Comme nous l’avons vu avec le Mythe de l’utérus baladeur, inventé par les Grecs et les Égyptiens (500 av. J-C) dans lequel l’utérus de l’hystérique se balade dans son corps à la recherche du sperme dont elle manque, et ce faisant comprime les différents organes, provoquant les différents symptômes hystériques, depuis toujours, l’hystérie est liée au sexe.

Par la suite, cela n’a pas échappé aux grands connaisseurs de l’hystérie comme le célèbre neuropsychiatre Jean-Martin Charcot (1825-1893), le médecin Joseph Breuer (1842-1825) et le gynécologue Rudolph Chrobak (1843-1910). Les trois ont influencé Freud en affirmant devant lui le rapport de l’hystérie avec la sexualité. Charcot disait : « Mais dans des cas pareils, c’est toujours la chose génitale, toujours... toujours... toujours » ; Breuer : « Il s’agit toujours de secrets d’alcôve » ; et Chrobak : « Penis normalis, dosim repetatur ». Ce dernier « prescrivait » aux maris des hystériques des rapports sexuels réguliers pour les guérir.

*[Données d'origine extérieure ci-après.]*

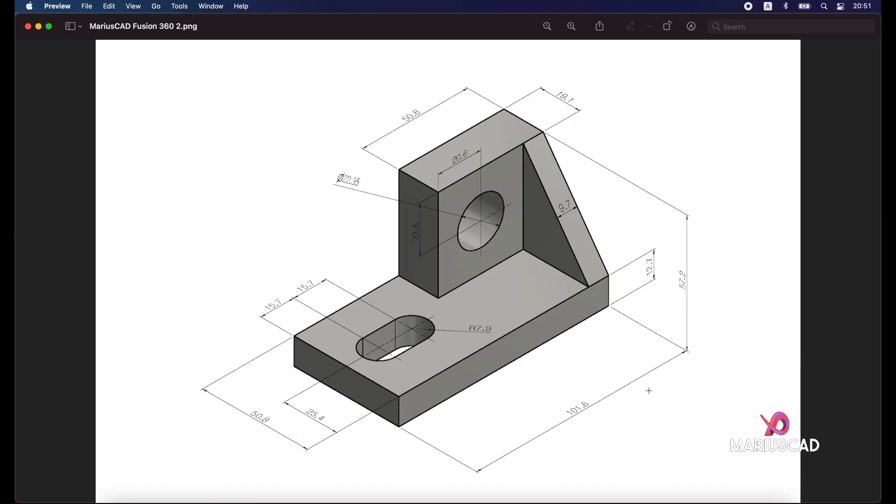Hello everybody and welcome to a new tutorial. Today I will show you how we can draw this piece in Autodesk Fusion 360. First of all, we start with this rectangle. This rectangle has the dimensions 50.8 by 101.6. After that we will construct an oval here, so let's get started.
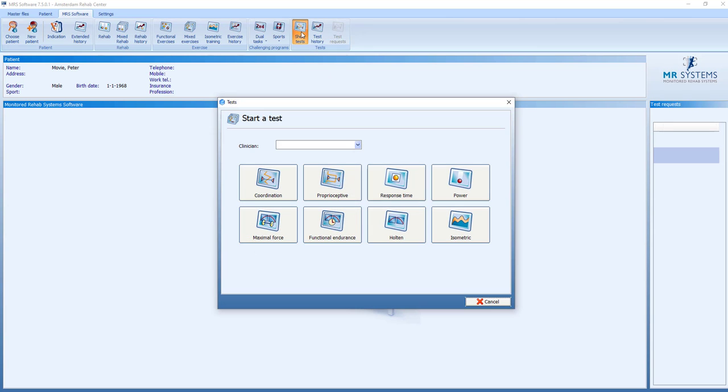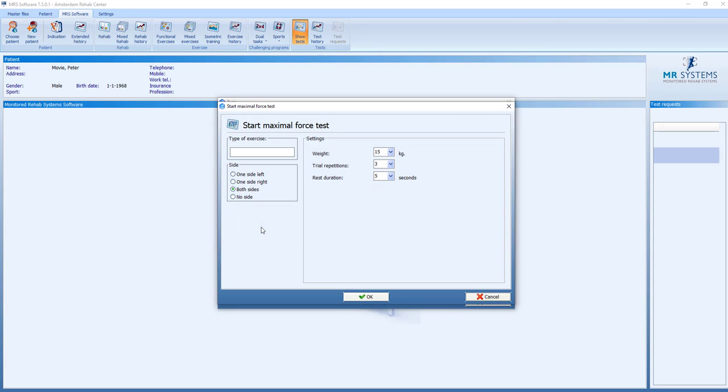We will now have a look at the Maximal Force Test, also known as the One Repetition Maximum. We can select to do this test at one side or both sides.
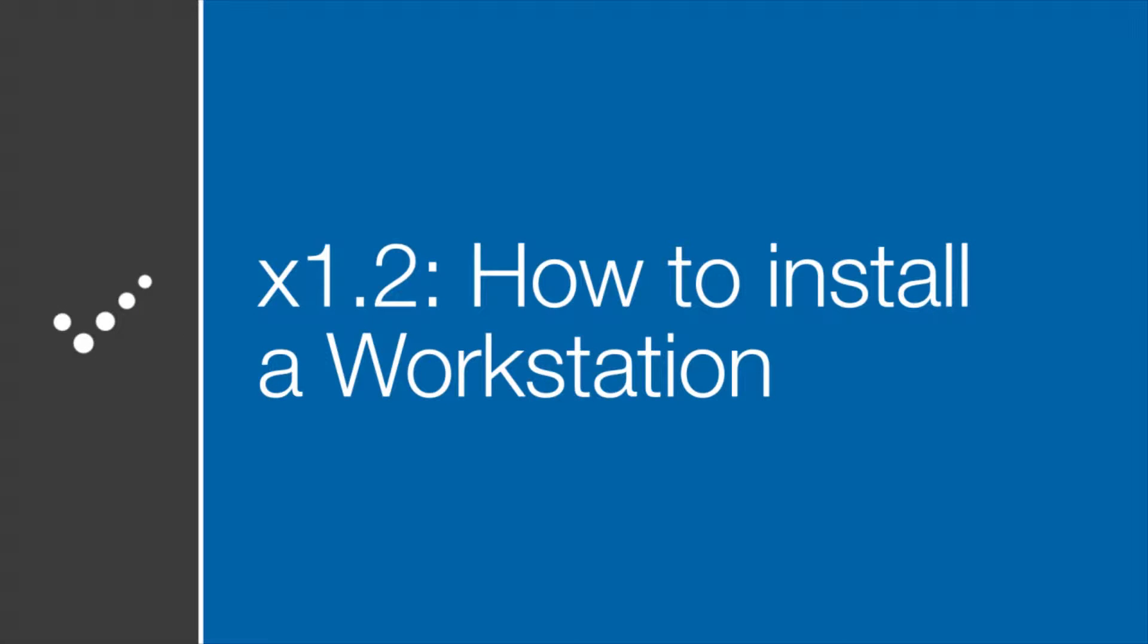Hey, it's Matt from Practice Perfect. Welcome to the Accelerated Learning Center. Today we're going to learn how to install a workstation. Let's get started.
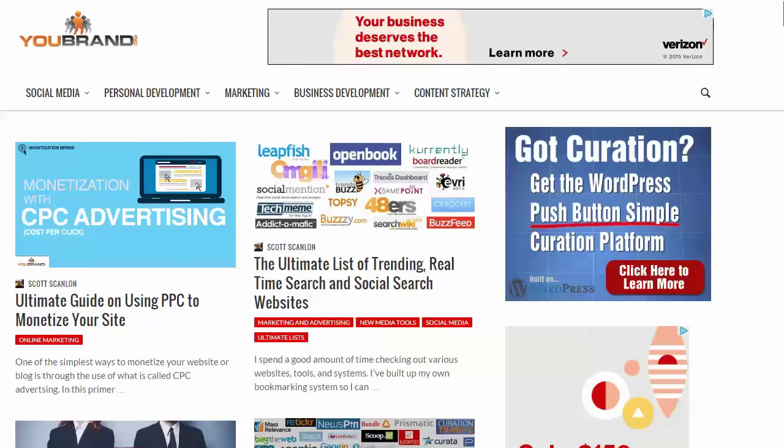UBrand Inc. has got some really great products for content curation, no matter if you're doing article curation, video curation, social media, things like that. It's a really good system they have.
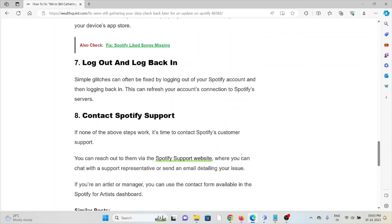The eighth method is to contact the Spotify support team. If you have tried all other troubleshooting methods and are still facing the problem, you can contact Spotify's support team for assistance. They are experts and will help you fix the problem and provide a better solution.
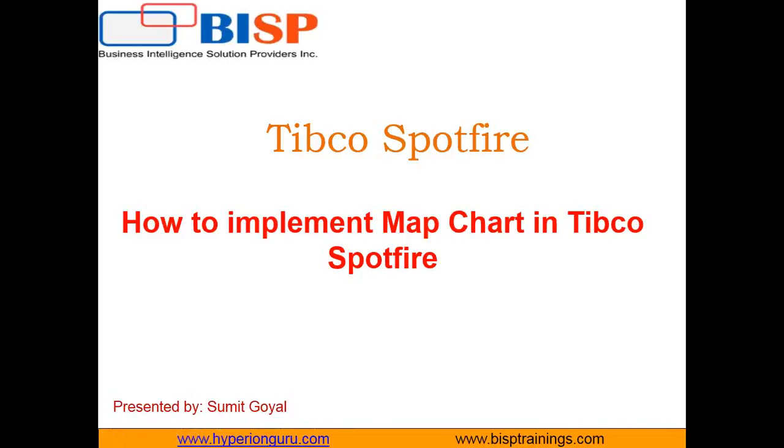Hello friends, my name is Sumit and once again I welcome all of you to di3tradings.com. This is my next video in Tipco Spotfire series. In this video I will be demonstrating how we can implement a map chart in Tipco Spotfire.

Depuis le début de la médecine, l’hystérique se présente au médecin comme une femme révoltée contre l’ordre patriarcal et en mal d’identité sexuelle. Mais la question de la maternité est toujours là. Car si dans le mythe de l’utérus baladeur, l’utérus de l’hystérique part à la recherche de sperme, c’est autant pour le coït lui-même dont elle manque que pour la procréation. La clinique le prouve. Bien avant la psychanalyse, les psychiatres et les gynécologues ont reconnu que lorsque l’hystérique tombait enceinte, ses symptômes disparaissaient. J’ajouterai : parce qu’enfin, elle peut démontrer qu’elle est une bonne mère.

Qu’est-ce qu’une femme, qu’est-ce qu’une mère ? Une femme peut-elle être femme et mère en même temps ? Une femme peut-elle jouir de son corps et laisser l’autre en jouir sans pour autant être une pute ? Si les fantasmes de viol et les fantasmes de prostitution sont très fréquents chez les hystériques, c’est parce qu’ils lui permettent de répondre : « Je n’y suis pour rien dans l’acte sexuel, j’ai été violée. » Si la prostituée incarne la figure de la jouissance interdite, à l’opposé, la mère incarne le sacrifice de la féminité sur l’autel de la maternité. Dans ses fantasmes, la mère hystérique s’attaque à ses propres enfants en laissant les autres enfants en paix. À l’opposé de la mère obsessionnelle.

Autres questions : une femme peut-elle laisser son compagnon jouir de son corps pendant qu’elle est enceinte ? Beaucoup de femmes hystériques, nouvellement enceintes, viennent à la psychanalyse avec ces questions : « Quelque chose pousse dans mon corps et me fait horreur. » Ou bien : « Je ne supporte pas que mon mari me pénètre, j’ai déjà quelque chose dans le ventre. » Une mère peut-elle laisser son nourrisson jouir de son corps une fois la fonction alimentaire remplie ? Beaucoup de femmes hystériques, nouvellement mères, viennent consulter avec cette autre question : « Je ne supporte pas que mon enfant continue à téter mon sein alors qu’il n’a plus faim. »

On le voit bien, le fantasme de la mauvaise mère ordonne beaucoup de questions, beaucoup de symptômes.

Mais, on le sait, la psychanalyse a permis aux symptômes hystériques de changer. On a, depuis 100 ans, moins vu de symptômes massifs à la Charcot, sauf dans quelques régions éloignées des villes. Nous n’avons plus de cécité hystérique et rarement des paralysies hystériques. Et les années soixante, années de luttes pour la libération de la femme, libération sexuelle entre autres, ont vu diminuer chez les femmes hystériques la fréquence de symptômes comme les pertes blanches, la douleur à la pénétration ou la frigidité : désormais, elles peuvent dire non à la pénétration quitte à frustrer leurs compagnons.